__Description of the task__: Everything in the entries below must be output exactly, apart from the pictures.

════════

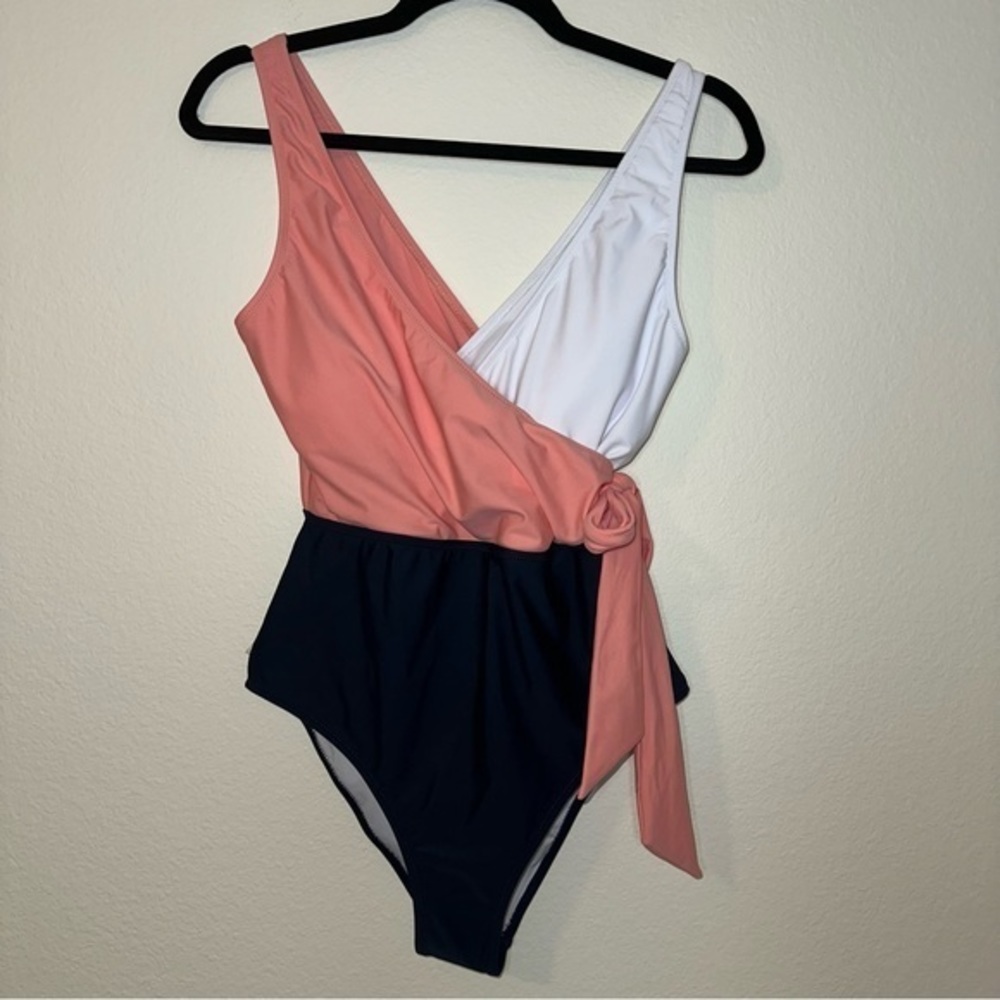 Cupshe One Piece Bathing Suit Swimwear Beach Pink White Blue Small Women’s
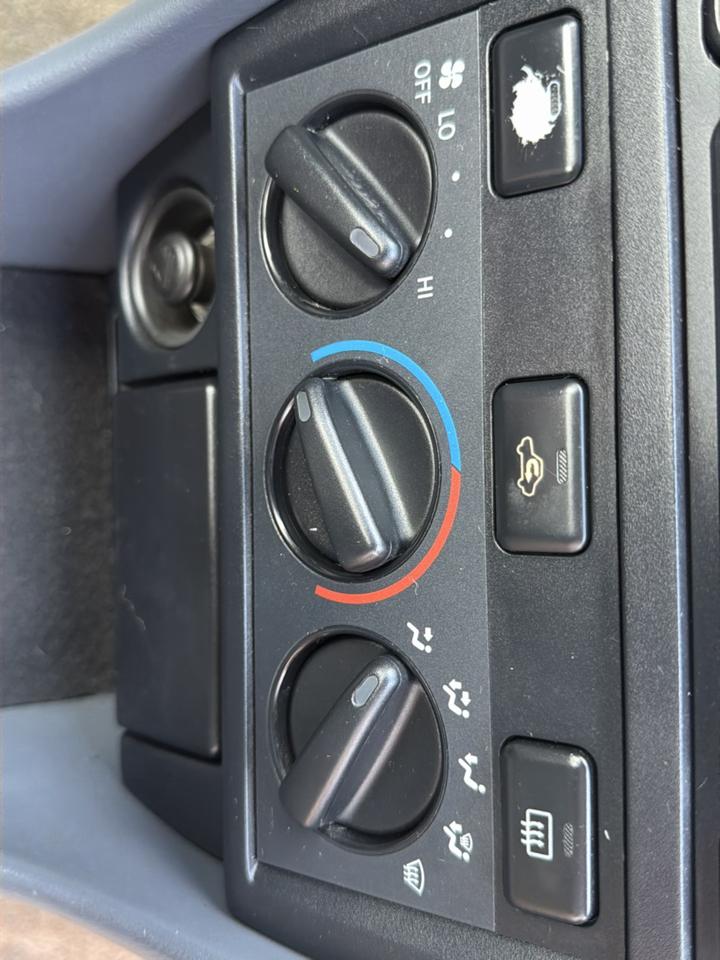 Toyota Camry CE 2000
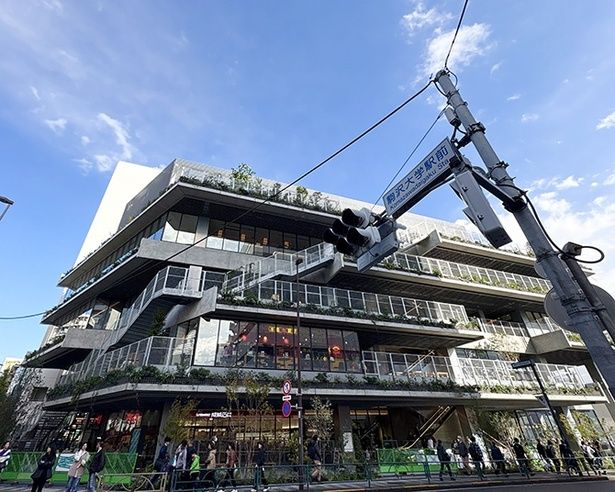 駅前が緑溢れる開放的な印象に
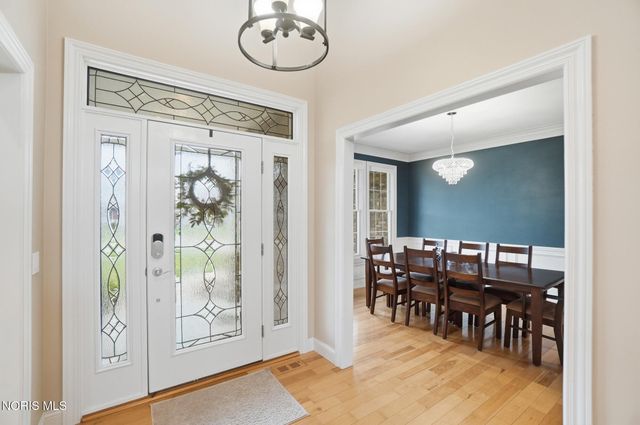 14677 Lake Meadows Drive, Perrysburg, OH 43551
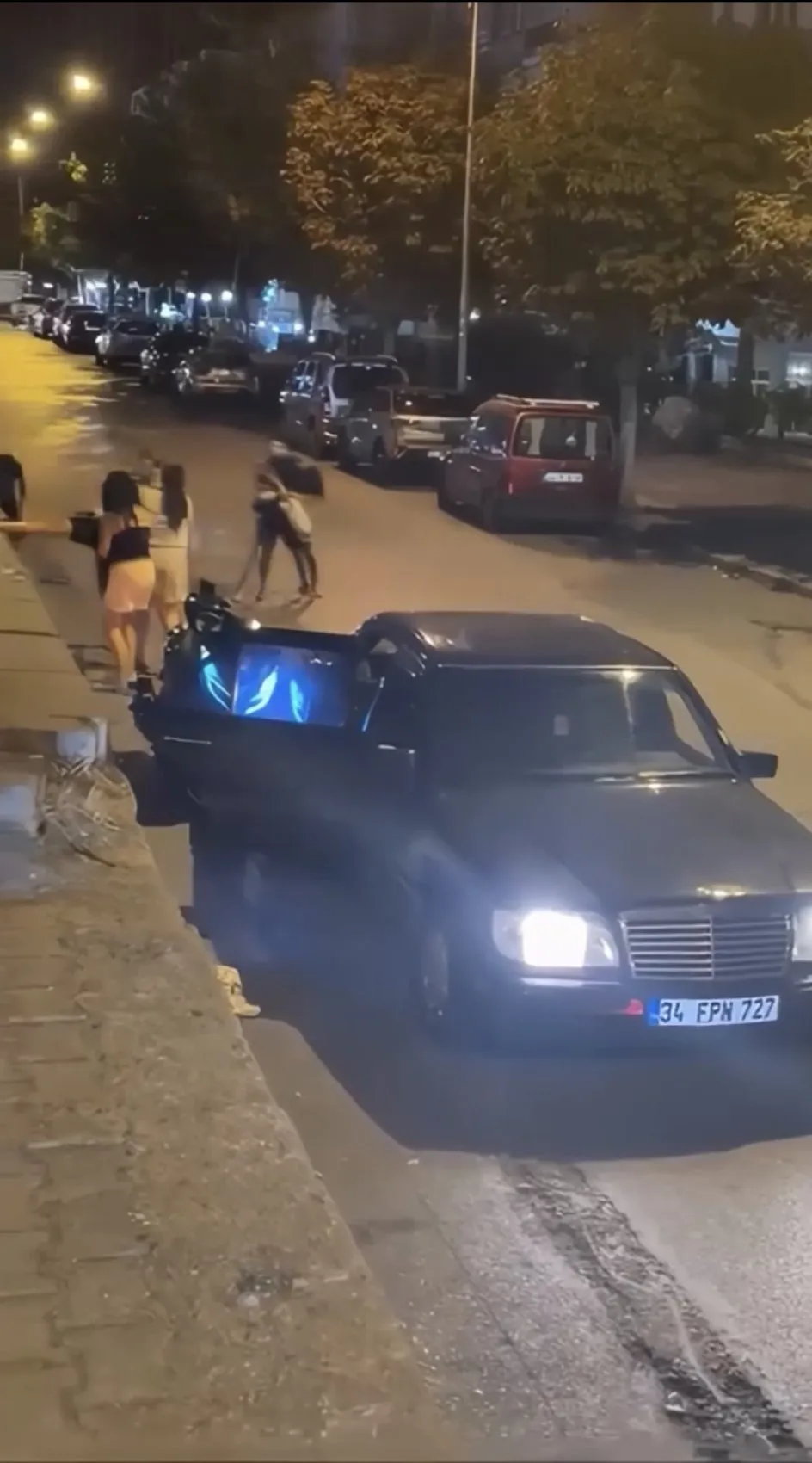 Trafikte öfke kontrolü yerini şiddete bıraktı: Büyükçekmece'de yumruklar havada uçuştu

════════

__Solution for this exercise__:
 Cupshe One Piece Bathing Suit Swimwear Beach Pink White Blue Small Women’s
 Toyota Camry CE 2000
 駅前が緑溢れる開放的な印象に
 14677 Lake Meadows Drive, Perrysburg, OH 43551
 Trafikte öfke kontrolü yerini şiddete bıraktı: Büyükçekmece'de yumruklar havada uçuştu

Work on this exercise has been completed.